In 1923, Elinor joined the Communist Party of Great Britain (CPGB), along with Emile. Starting in 1926, she wrote the Colonial Series of books for the Labour Research Department, about British imperialism.

Burns focused much of her time on the LCS, and during World War II represented it on bodies such as the Food Control Tribunal and the Insurance Tribunal. In 1943, she was elected to the national executive of the CPGB. She retained her seat on the board of the LCS when other Communists were removed from the organisation's panel of speakers in 1949. She argued that the co-operative movement should expand its influence through vertical integration, co-operative shops selling products of co-operative farms and factories. She also argued that, in order to achieve emancipation, women should involve themselves in the co-operative movement and also join the CPGB.

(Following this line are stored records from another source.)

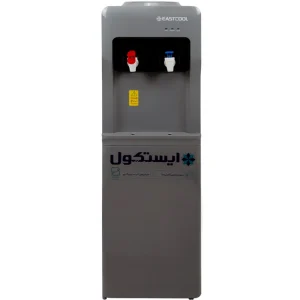 آبسردکن ایستکول بدون کابین TM-SG450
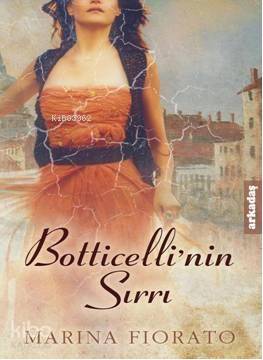Botticelli nin Sırrı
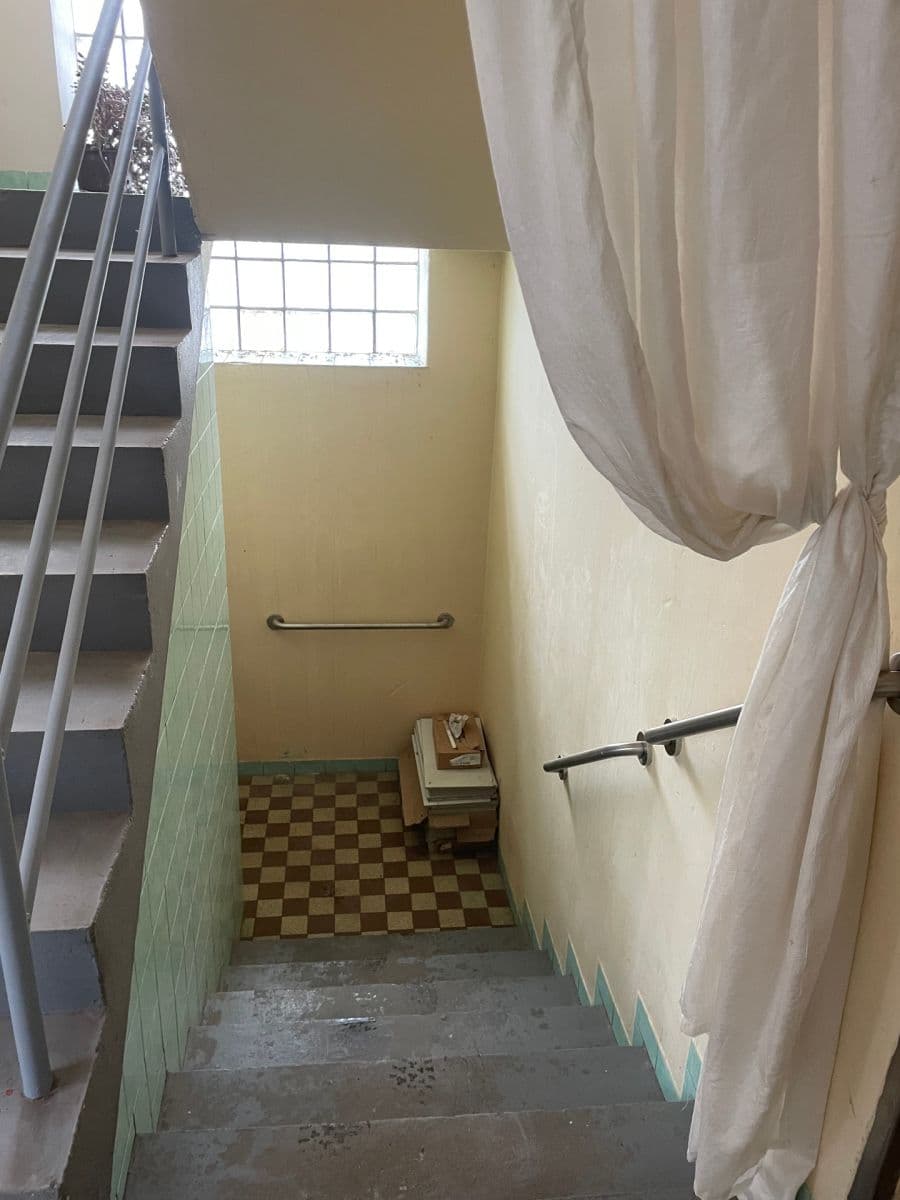 Prodej domu 186 m², pozemek 698 m², Pastelník, Mořkov, Moravskoslezský kraj Prodej domu 186 m², pozemek 698 m², Pastelník, Mořkov, Moravskoslezský kraj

From 1945, the Daily Worker, associated with the CPGB, was published by the People's Press Printing Society. Burns was a founding member of its management committee, and twice served as its vice-chair. In 1956, although Burns again stood for the executive of the CPGB, she was not put on the party's approved list, and was one of two sitting members to lose their seats.

==Writing==
- "Franchise Reform. The Speaker's Conference and Women", in The Newcastle Journal, 11 November 1916
- "Equal Terms for Votes. Women and Their Rights as Citizens", in The Newcastle Journal, 1 March 1917
- "Franchise Reform", in The Oxfordshire Weekly News, 11 April 1917
- "Women in Commerce: Interview with Lady Mackworth", in Common Cause, 13 April 1917
- "Education" in The Making of Women (1917), (Oxford Essays in Feminism, Allen and Unwin), ed Victor Gollancz
- Equal Pay and the Family (1918), with K. D. Courtney, H. N. Brailsford, Eleanor Rathbone, Maude Royden, Mary Stocks and Emile Burns
- British Imperialism in China (1926)
- British Imperialism in Malaya (1926)
- British Imperialism in West Africa (1927)
- British Imperialism in Egypt (1928)
- British Imperialism in Ireland (1931)
- Class Issues in the Irish Free State (1933)
- The Co-operatives in the Peace Front (1950)
- The Co-ops and the Crisis (1952)
- A Call to Co-operators (1954)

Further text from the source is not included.